■ **Exercise**: No pictures belong in the copy. Restate the rest of the data exactly.

■ **Records to process**:

◇ ◇ ◇ ◇

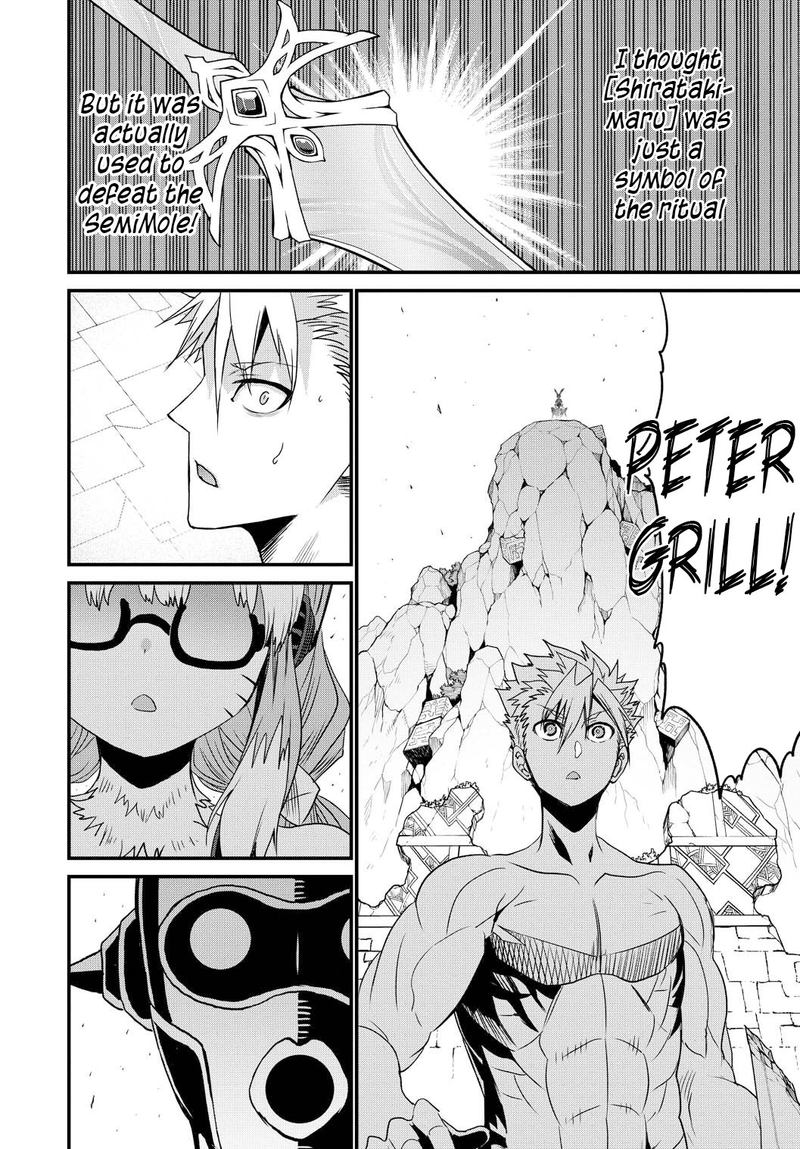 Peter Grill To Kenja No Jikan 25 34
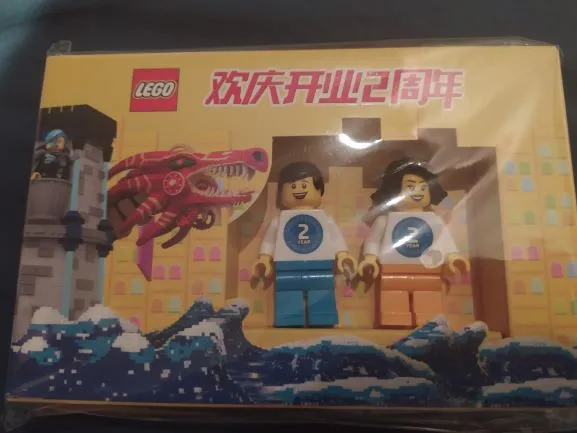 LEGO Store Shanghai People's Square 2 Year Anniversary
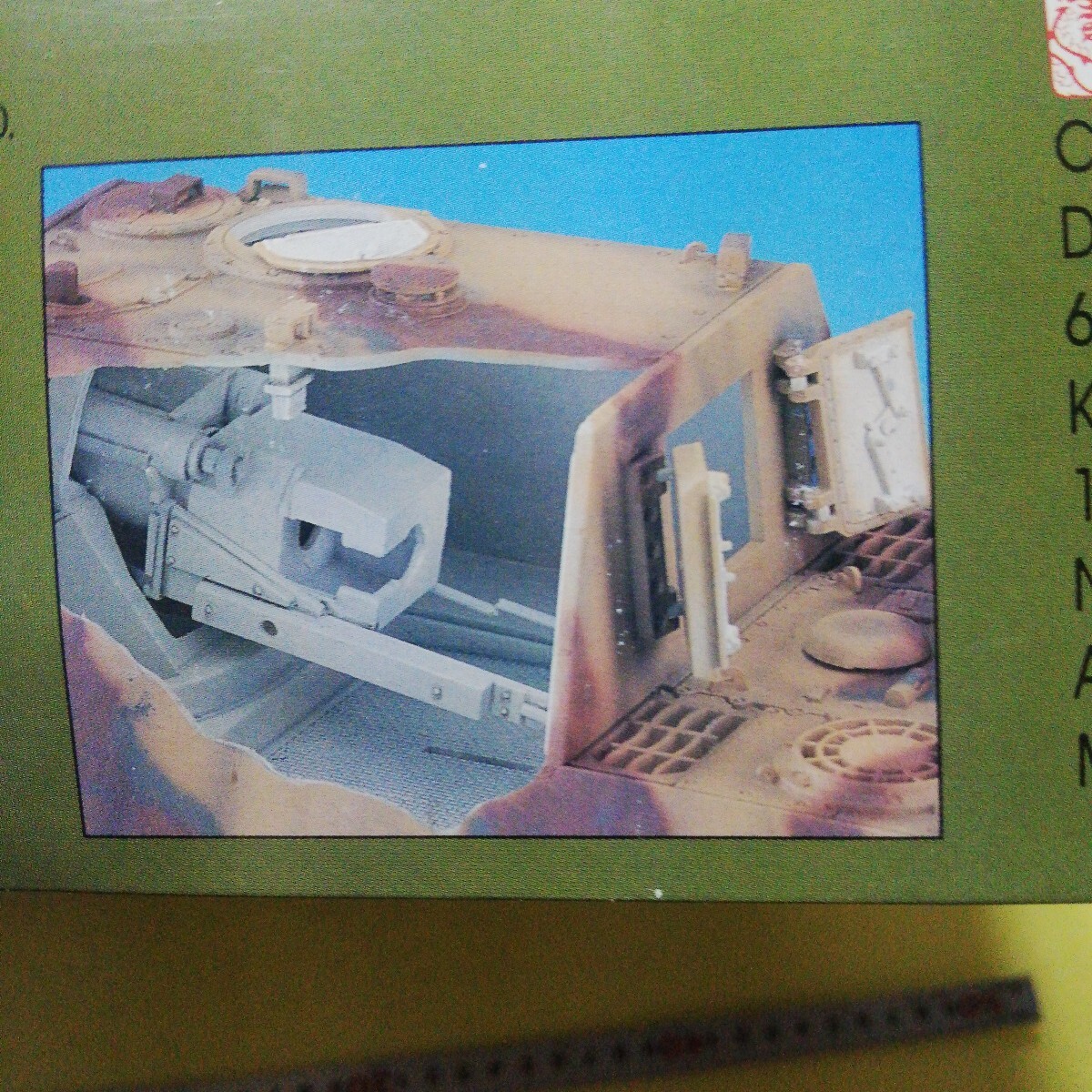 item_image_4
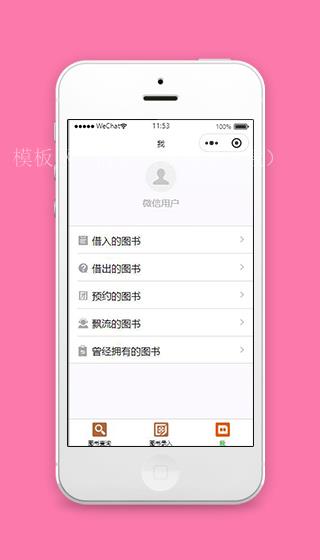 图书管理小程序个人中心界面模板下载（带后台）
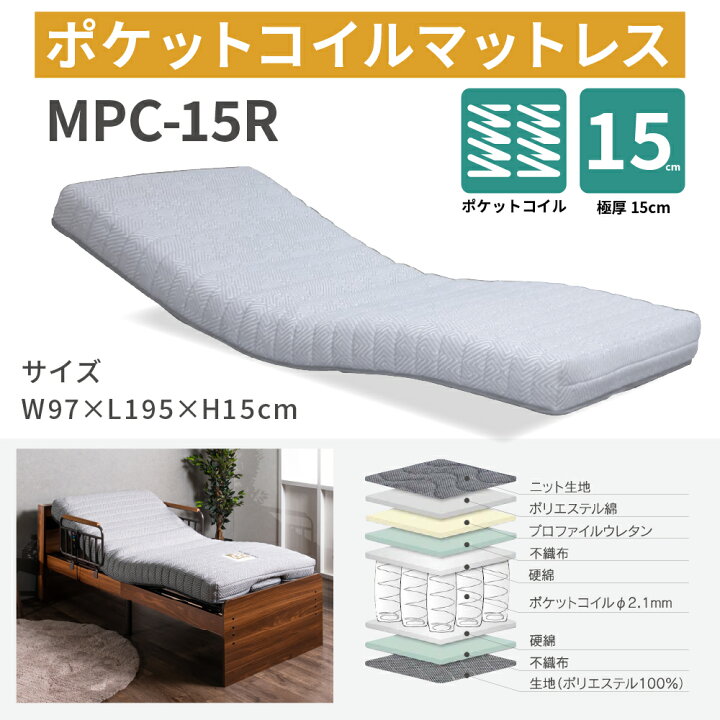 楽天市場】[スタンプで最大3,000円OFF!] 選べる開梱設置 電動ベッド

◇ ◇ ◇ ◇

■ **Task answer**:
 Peter Grill To Kenja No Jikan 25 34
 LEGO Store Shanghai People's Square 2 Year Anniversary
 item_image_4
 图书管理小程序个人中心界面模板下载（带后台）
 楽天市場】[スタンプで最大3,000円OFF!] 選べる開梱設置 電動ベッド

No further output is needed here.